NASA may try to send its new mega-rocket to the moon on September 23 or 27, after it was twice thwarted by technical problems, the US space agency’s senior official Jim Free announced during a briefing on Thursday. .
This much-anticipated test flight of the Artemis 1 mission, without a crew on board, was supposed to test the SLS rocket (for the Space Launch System) in real conditions and test the Orion capsule at its summit, where astronauts would walk in the future.
Frei said a possible shooting window on September 23 would open at 6:47 a.m. local time, while the 27th would open at 11:37 a.m. local time.
A planned launch from Kennedy Space Center in Florida was canceled at last minute on Saturday for the second time in a week, a setback that delayed the actual launch of the US program to the moon Artemis.

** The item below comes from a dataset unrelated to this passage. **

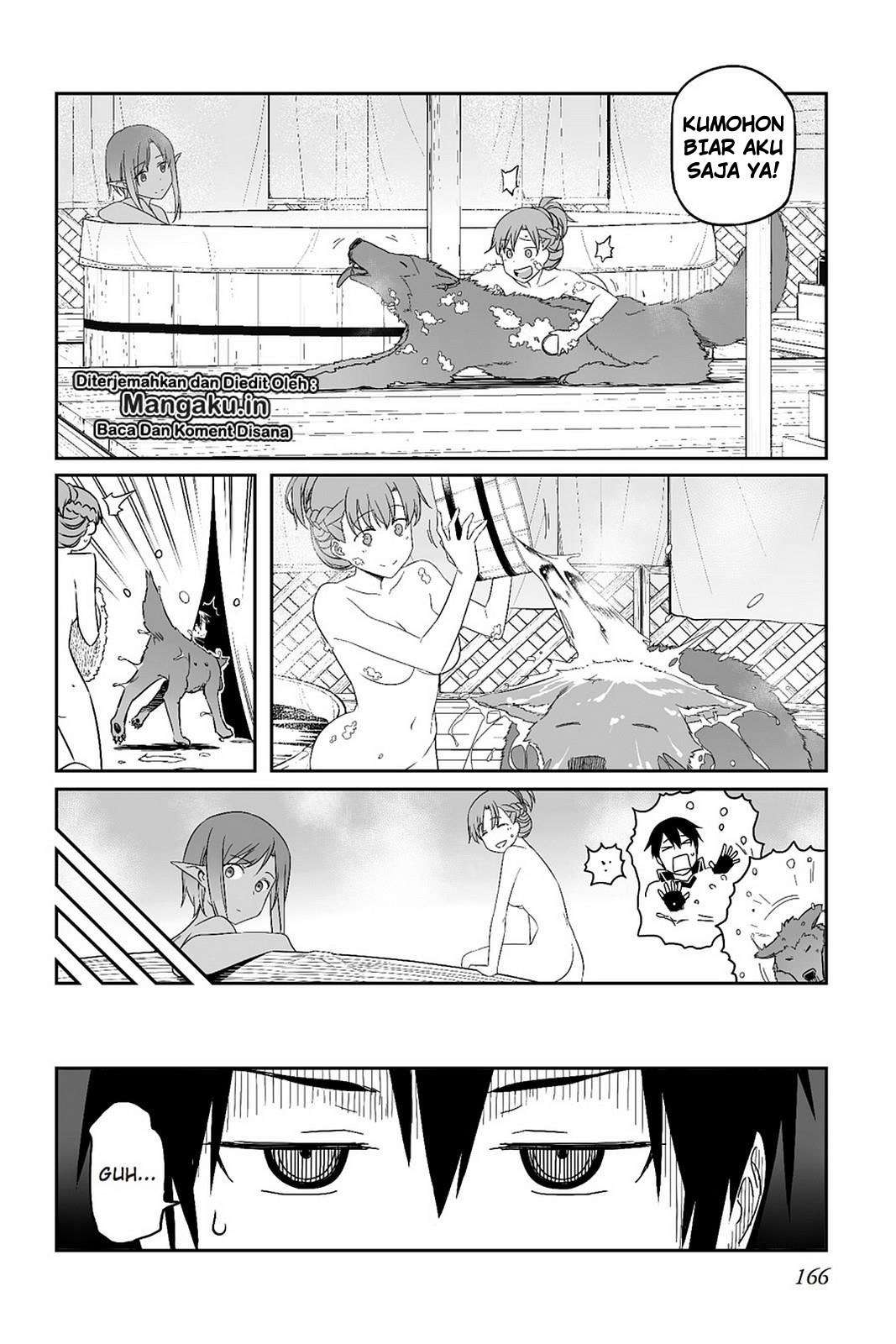 Sword Art Online – Progressive Chapter 28 Gambar 23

During the process of filling the rocket tanks, a fuel leak occurred early in the morning.
The orange and white SLS rocket, which has yet to fly, has been in development for more than a decade to become the world’s most powerful.
Fifty years after the last Apollo mission, the Orion capsule on top of the Artemis 1 rocket can be verified as safe to carry astronauts to the moon in the future.
For this first mission, Orion will travel 64,000 kilometers behind the Moon, the furthest of any living spacecraft so far.
The main objective was to test the largest heat shield ever built. When it returns to the Earth’s atmosphere, it will endure a speed of 40,000 km per hour and half as hot as the surface of the Sun.